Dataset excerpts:
★ ★ ★ ★ ★ ★ ★
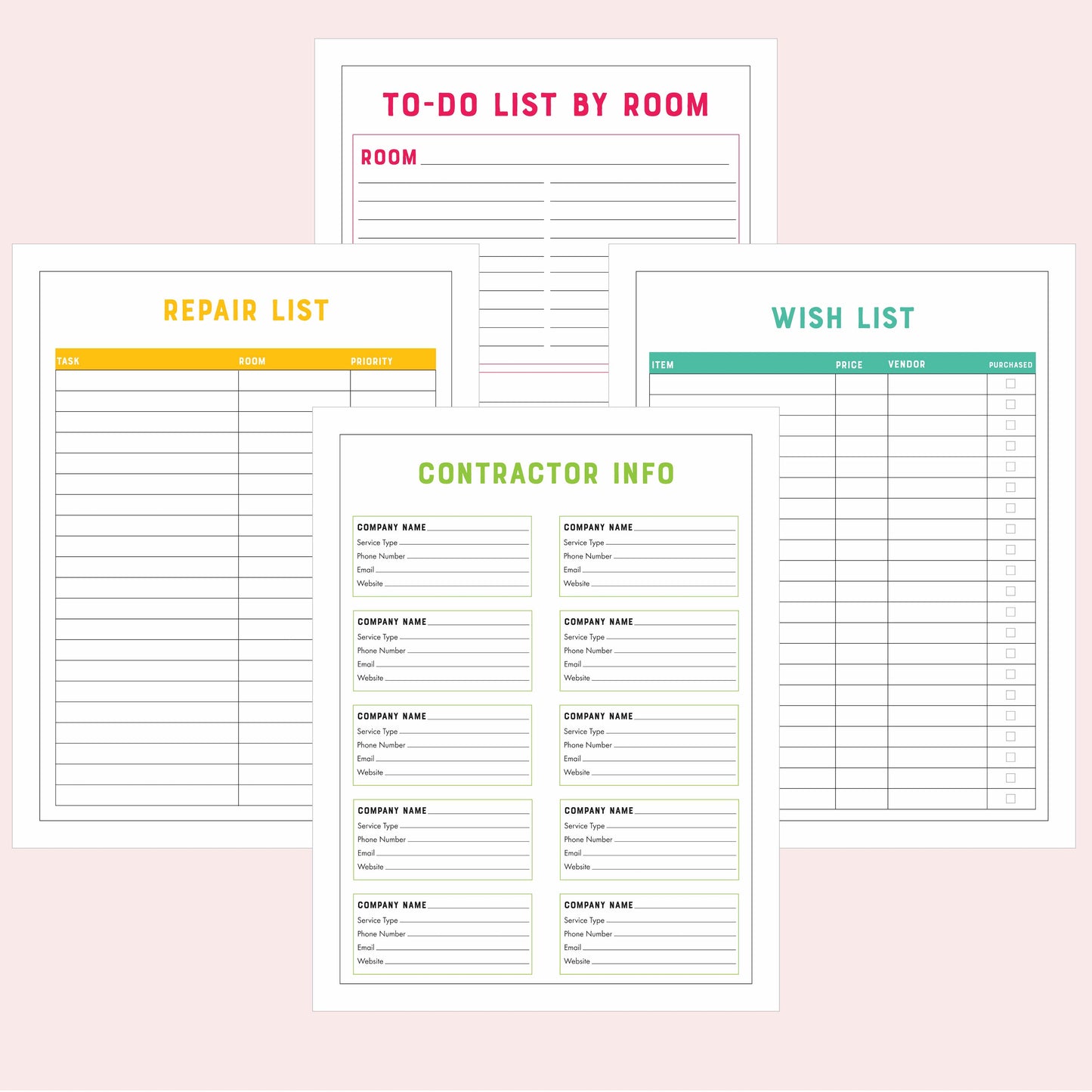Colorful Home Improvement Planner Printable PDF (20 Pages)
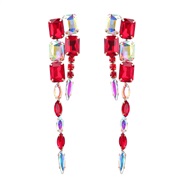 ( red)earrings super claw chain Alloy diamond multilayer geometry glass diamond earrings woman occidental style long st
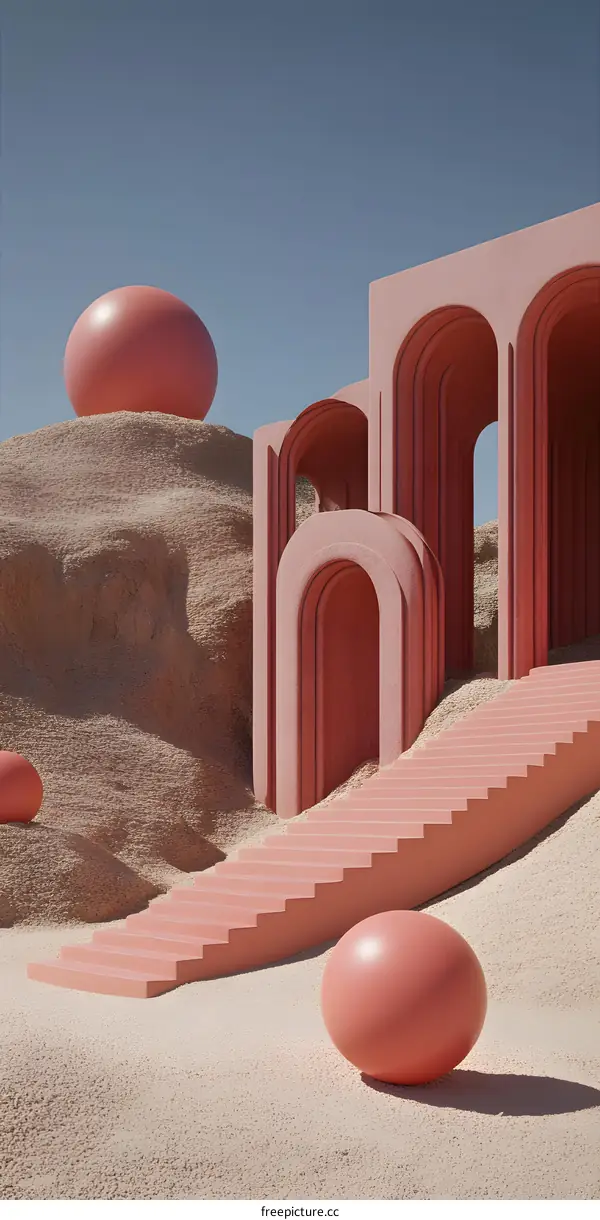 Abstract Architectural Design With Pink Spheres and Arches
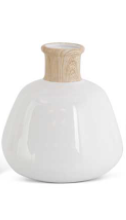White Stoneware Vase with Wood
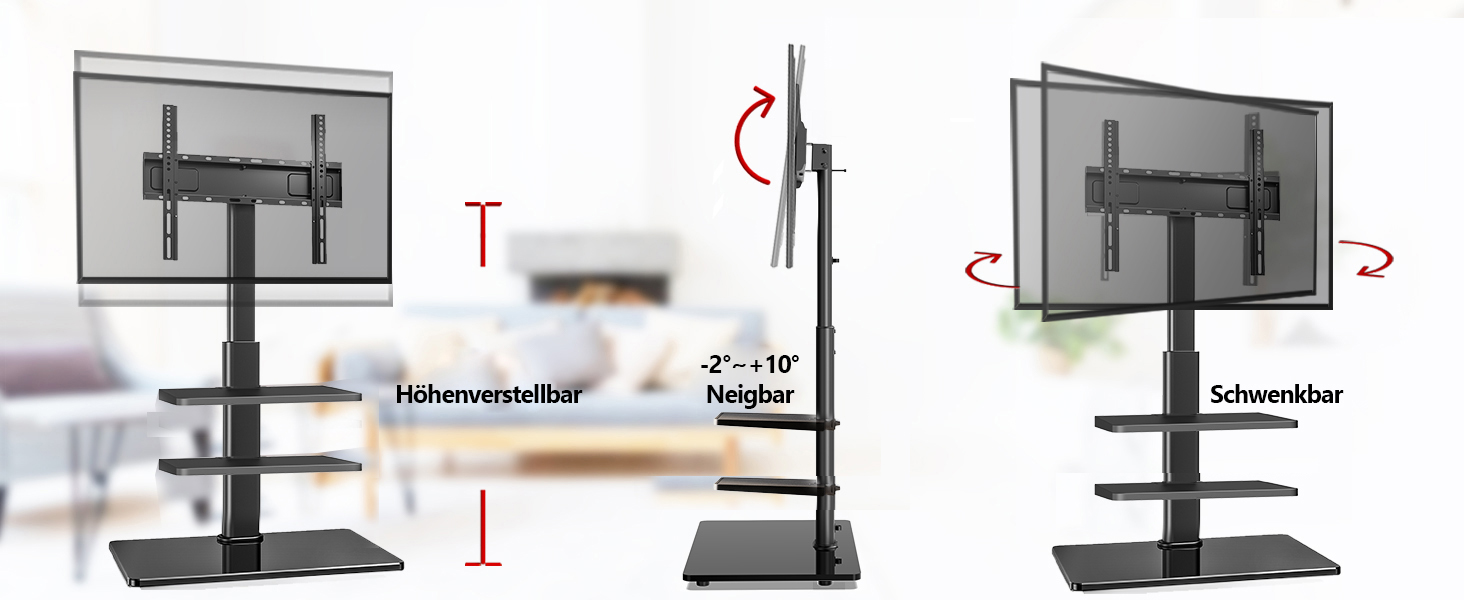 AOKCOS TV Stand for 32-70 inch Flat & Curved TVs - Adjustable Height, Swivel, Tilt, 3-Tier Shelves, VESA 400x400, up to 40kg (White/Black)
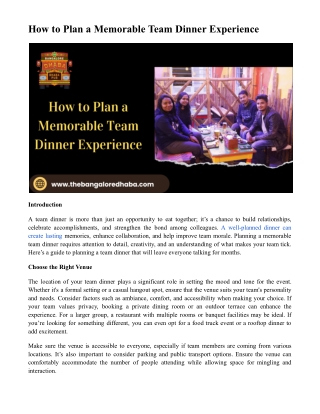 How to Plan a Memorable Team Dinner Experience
★ ★ ★ ★ ★ ★ ★
- **HOW TO COMPLETE THIS TASK**
Repeat the entries faithfully. Any picture gets left out.

- **SOLUTION FOR THIS EXERCISE**
Colorful Home Improvement Planner Printable PDF (20 Pages)
 ( red)earrings super claw chain Alloy diamond multilayer geometry glass diamond earrings woman occidental style long st
 Abstract Architectural Design With Pink Spheres and Arches
White Stoneware Vase with Wood
 AOKCOS TV Stand for 32-70 inch Flat & Curved TVs - Adjustable Height, Swivel, Tilt, 3-Tier Shelves, VESA 400x400, up to 40kg (White/Black)
 How to Plan a Memorable Team Dinner Experience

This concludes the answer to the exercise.